● TASK ITEM
For the material that follows, return exactly the lines from the one with "居室・リビング　ゆったりとくつろげる、落ち着きのある居室空間です" through the one with "342 Knotty Wood", both ends included.

● THE DATA
┄┄┄┄┄┄┄┄┄┄┄┄┄┄┄┄┄┄┄┄

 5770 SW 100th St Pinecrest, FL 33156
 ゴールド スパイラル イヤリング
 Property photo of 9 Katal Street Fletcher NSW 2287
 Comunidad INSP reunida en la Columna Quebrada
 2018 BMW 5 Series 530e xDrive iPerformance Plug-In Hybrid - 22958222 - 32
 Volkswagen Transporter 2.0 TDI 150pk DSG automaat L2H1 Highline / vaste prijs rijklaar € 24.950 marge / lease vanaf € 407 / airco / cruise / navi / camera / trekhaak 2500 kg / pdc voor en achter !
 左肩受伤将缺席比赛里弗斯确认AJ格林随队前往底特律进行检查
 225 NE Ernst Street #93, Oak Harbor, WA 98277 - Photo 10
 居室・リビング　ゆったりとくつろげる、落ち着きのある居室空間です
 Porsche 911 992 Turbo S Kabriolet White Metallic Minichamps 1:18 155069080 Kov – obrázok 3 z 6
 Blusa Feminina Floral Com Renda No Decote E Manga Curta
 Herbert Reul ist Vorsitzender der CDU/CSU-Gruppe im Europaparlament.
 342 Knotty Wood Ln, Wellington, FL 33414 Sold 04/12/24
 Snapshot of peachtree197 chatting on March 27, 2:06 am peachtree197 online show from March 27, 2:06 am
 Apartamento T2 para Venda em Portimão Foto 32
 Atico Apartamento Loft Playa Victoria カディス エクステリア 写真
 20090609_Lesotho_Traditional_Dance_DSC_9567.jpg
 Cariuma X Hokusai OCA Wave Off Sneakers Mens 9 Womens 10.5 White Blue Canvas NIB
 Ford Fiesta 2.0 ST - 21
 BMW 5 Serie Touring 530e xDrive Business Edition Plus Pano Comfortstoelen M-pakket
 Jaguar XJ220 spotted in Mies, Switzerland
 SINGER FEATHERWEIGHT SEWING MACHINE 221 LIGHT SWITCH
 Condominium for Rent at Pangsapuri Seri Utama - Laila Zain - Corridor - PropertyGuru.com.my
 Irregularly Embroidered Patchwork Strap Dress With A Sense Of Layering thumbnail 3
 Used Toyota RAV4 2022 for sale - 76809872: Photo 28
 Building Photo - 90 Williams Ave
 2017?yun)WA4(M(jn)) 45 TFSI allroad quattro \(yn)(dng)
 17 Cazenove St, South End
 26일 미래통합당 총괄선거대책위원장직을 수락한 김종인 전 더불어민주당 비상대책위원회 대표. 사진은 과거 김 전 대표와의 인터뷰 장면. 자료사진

┄┄┄┄┄┄┄┄┄┄┄┄┄┄┄┄┄┄┄┄

● WRITTEN ANSWER
 居室・リビング　ゆったりとくつろげる、落ち着きのある居室空間です
 Porsche 911 992 Turbo S Kabriolet White Metallic Minichamps 1:18 155069080 Kov – obrázok 3 z 6
 Blusa Feminina Floral Com Renda No Decote E Manga Curta
 Herbert Reul ist Vorsitzender der CDU/CSU-Gruppe im Europaparlament.
 342 Knotty Wood Ln, Wellington, FL 33414 Sold 04/12/24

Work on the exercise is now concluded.